Pourquoi certains choisissent de ne pas respecter les standards

En dépit de ses avantages, la standardisation reste un challenge important pour tout franchiseur, en particulier lorsqu’il entre dans une phase de croissance au cours de laquelle chaque écart peut se propager dans le réseau créant des habitudes difficiles à changer.

Afin d’améliorer l’uniformité d’un réseau, il convient alors de se demander pourquoi certains franchisés ou managers refusent de se conformer pleinement au système, prenant le risque de se mettre en confrontation directe avec la tête de réseau et les autres franchisés.

Il existe selon moi quatre facteurs prépondérants qui poussent le franchisé à sortir du cadre. Quatre facteurs qui parfois se mélangent pour accentuer les écarts et augmenter la résistance du franchisé à vos relances ou sanctions.

Je peux faire mieux que la tête de réseau. C’est une raison que l’on retrouve principalement lors des premières années de la relation franchiseur-franchisé, lorsque franchiseur et/ou franchisé n’ont pas encore appris à travailler ensemble. Le franchisé pense alors que son succès est uniquement lié à ses efforts personnels et s’octroie le crédit de tout ce qui fonctionne dans son établissement tout en renvoyant ses échecs sur le franchiseur (un biais cognitif commun que l’on appelle le biais d’auto-complaisance en psychologie).


Dans ce contexte, le franchisé peut être tenté de repenser le concept à sa manière. Il pense alors corriger les lacunes du franchiseur et reprochera à ce dernier de ne pas avoir fait le travail lui-même.

Dans ce contexte, la sanction n’aidera pas le franchiseur et le mettra dans une situation de défiance vis-à-vis du franchisé qui ne comprendra pas qu’on sanctionne ses « améliorations » de concept et tendra à se renfermer encore plus. Seul l’effet de groupe (la capacité des autres franchisés à remettre en question la démarche du franchisé fautif) et la démonstration par les chiffres (quel est l’impact réel des écarts du franchisé) peuvent avoir une influence sur son comportement. A plus long terme, c’est la capacité du franchiseur à faire passer la relation franchiseur-franchisé vers un autre stade (de coopération, d’échange, d’écoute) qui permettra d’éliminer durablement l’idée que chaque franchisé peut faire mieux que le groupe dans son ensemble.
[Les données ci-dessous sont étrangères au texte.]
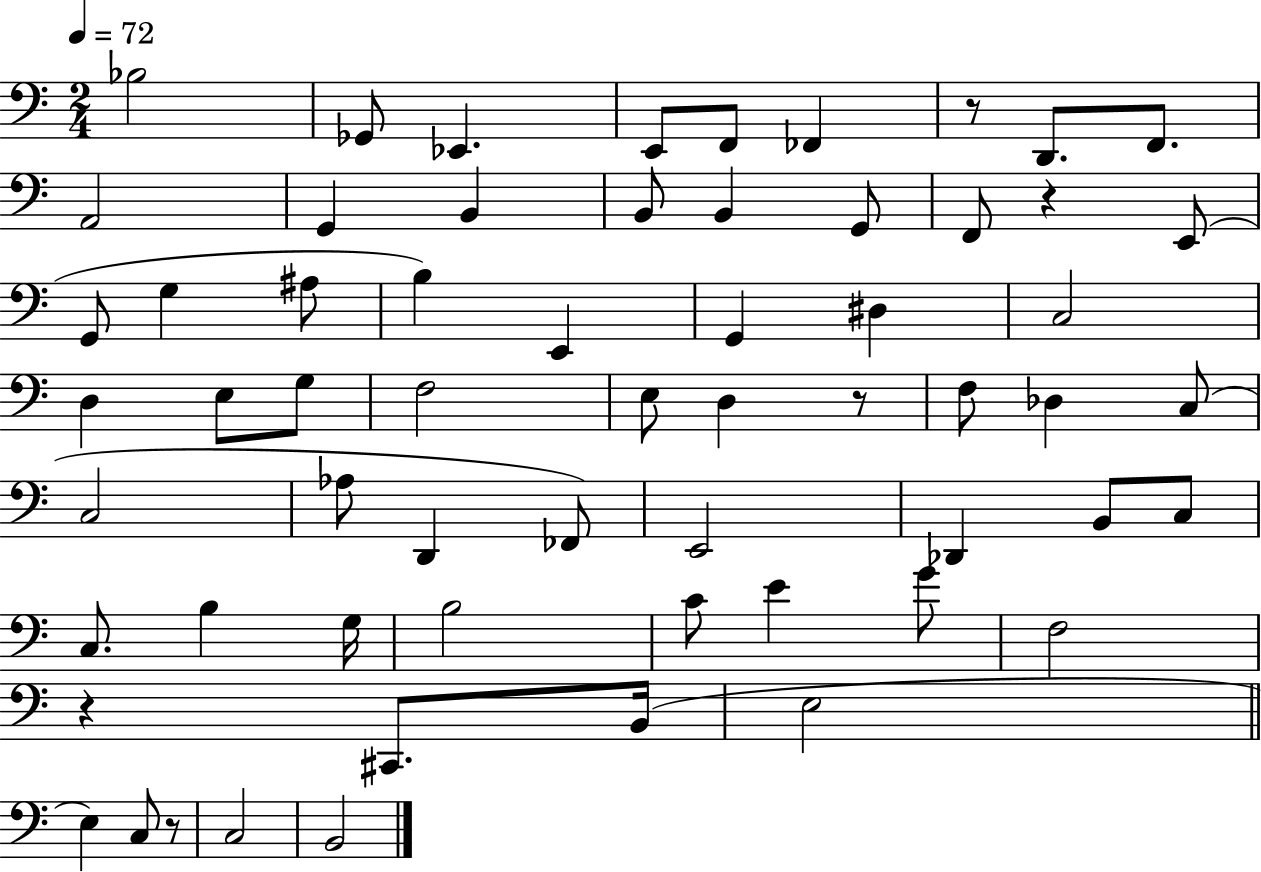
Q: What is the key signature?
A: C major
Ma clientèle est très différente, je dois m’adapter. C’est une raison plus valable que la première et qui demande une réflexion profonde sur le modèle de standardisation. Mc Donald’s n’a-t-il pas accepté de modifier ses produits pour atteindre des marchés culturellement très éloignés comme la Chine, l’Inde ou la France ?  Chaque franchisé pourrait à juste titre vous expliquer que le client Breton diffère du client Niçois, que le client de centre-ville diffère de celui des galeries commerciales, ou que lui a su développer une typologie de clientèle très spécifique.

Tout le monde peut se trouver des différences. Il n’en reste pas moins que le client français souhaitera retrouver le même concept partout en France. Et si chaque franchisé y va de ses adaptations personnelles, vous pouvez dire adieu à votre image de marque, aux marges de votre réseau, et à vos standards de qualité.
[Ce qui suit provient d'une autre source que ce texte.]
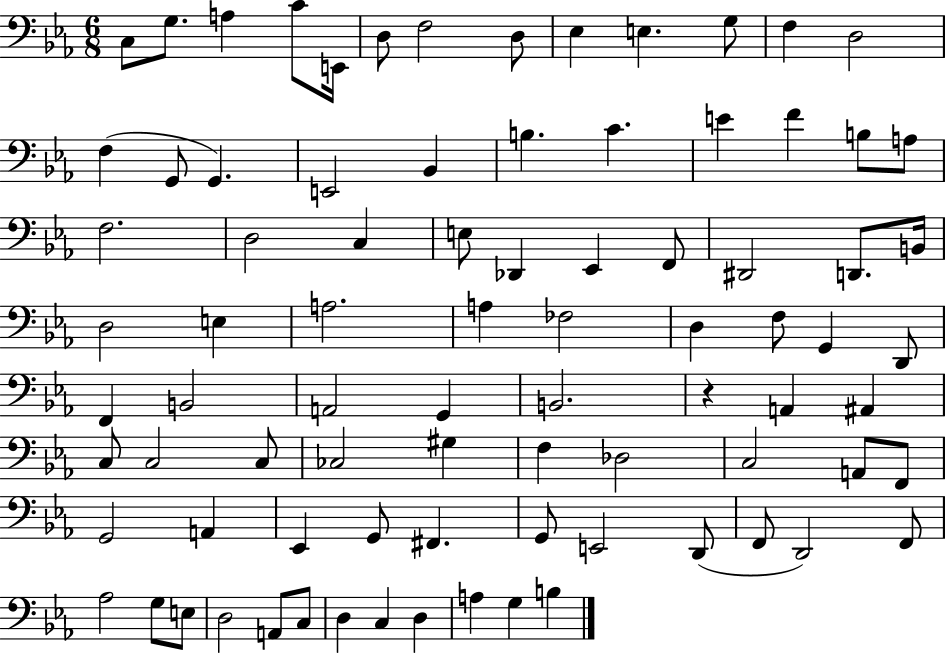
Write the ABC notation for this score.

X:1
T:Untitled
M:6/8
L:1/4
K:Eb
C,/2 G,/2 A, C/2 E,,/4 D,/2 F,2 D,/2 _E, E, G,/2 F, D,2 F, G,,/2 G,, E,,2 _B,, B, C E F B,/2 A,/2 F,2 D,2 C, E,/2 _D,, _E,, F,,/2 ^D,,2 D,,/2 B,,/4 D,2 E, A,2 A, _F,2 D, F,/2 G,, D,,/2 F,, B,,2 A,,2 G,, B,,2 z A,, ^A,, C,/2 C,2 C,/2 _C,2 ^G, F, _D,2 C,2 A,,/2 F,,/2 G,,2 A,, _E,, G,,/2 ^F,, G,,/2 E,,2 D,,/2 F,,/2 D,,2 F,,/2 _A,2 G,/2 E,/2 D,2 A,,/2 C,/2 D, C, D, A, G, B,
Il convient alors selon moi de donner une marge de manœuvre encadrée au franchisé et d’apprendre au réseau à s’auto-limiter.

La marge de manœuvre dépendra de votre activité et de votre mode de gestion. Elle peut passer par une gamme sensiblement plus large au sein de laquelle le franchisé à le choix, ou par des options locales restreintes sur certains produits. Ces possibilités doivent faire partie intégrante de votre formation et de votre manuel opératoire. Elles doivent répondre à des standards identiques au reste de votre gamme.
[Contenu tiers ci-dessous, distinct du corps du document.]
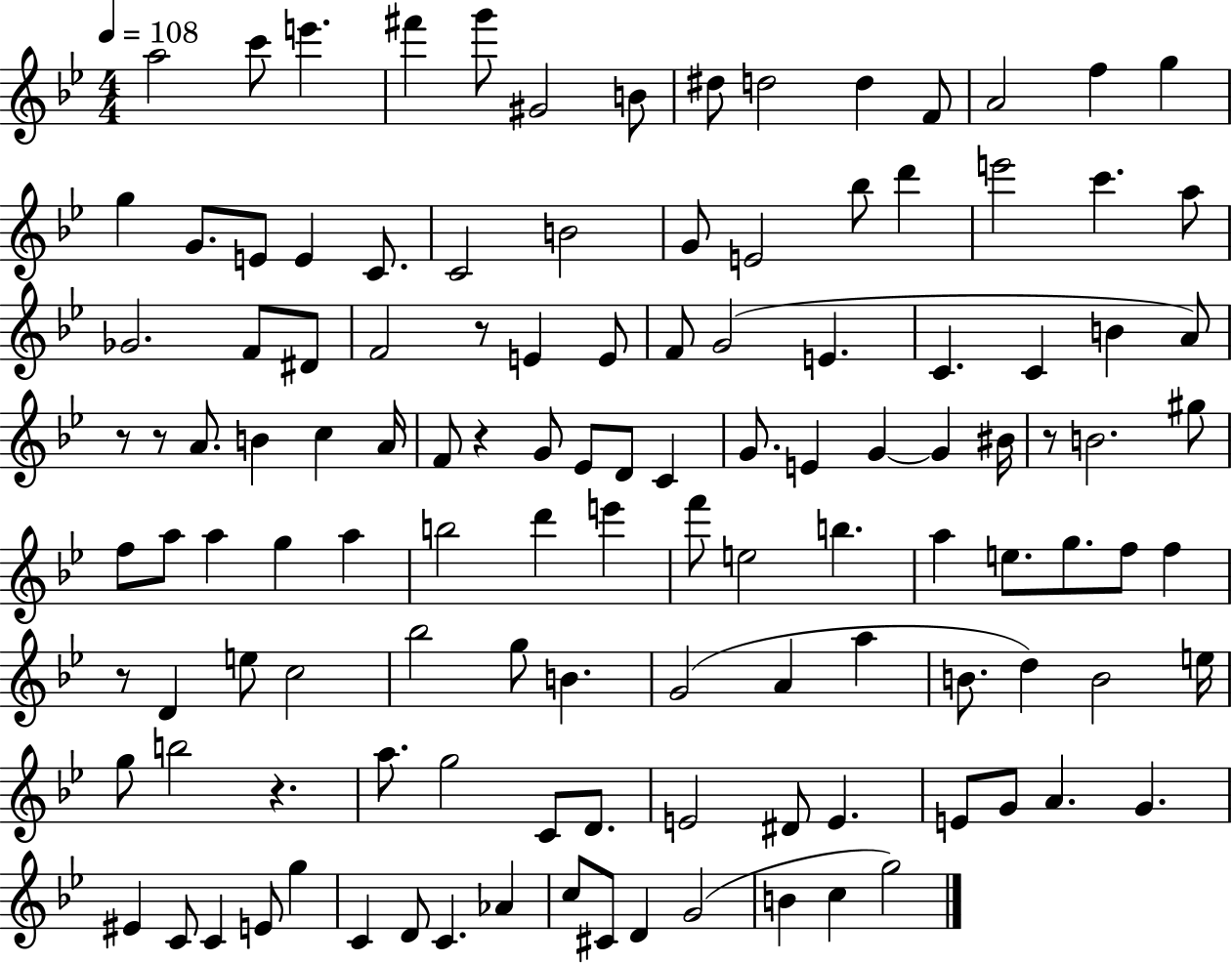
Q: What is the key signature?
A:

En parallèle, il est utile de communiquer sur les écarts et sur leur impact pour le réseau (on peut par exemple penser envoyer chaque mois au réseau un classement des restaurants ayant le moins respecté le concept). Les franchisés les plus respectueux, dont les chiffres sont souvent les meilleurs, y verront une menace pour leur activité et vous soutiendront pour rétablir l’ordre au sein du réseau.

Je ne savais pas vraiment qu’il ne fallait pas le faire. Le franchiseur est bien souvent à l’origine des écarts. Par un manque de formation et d’automatisation de ses processus.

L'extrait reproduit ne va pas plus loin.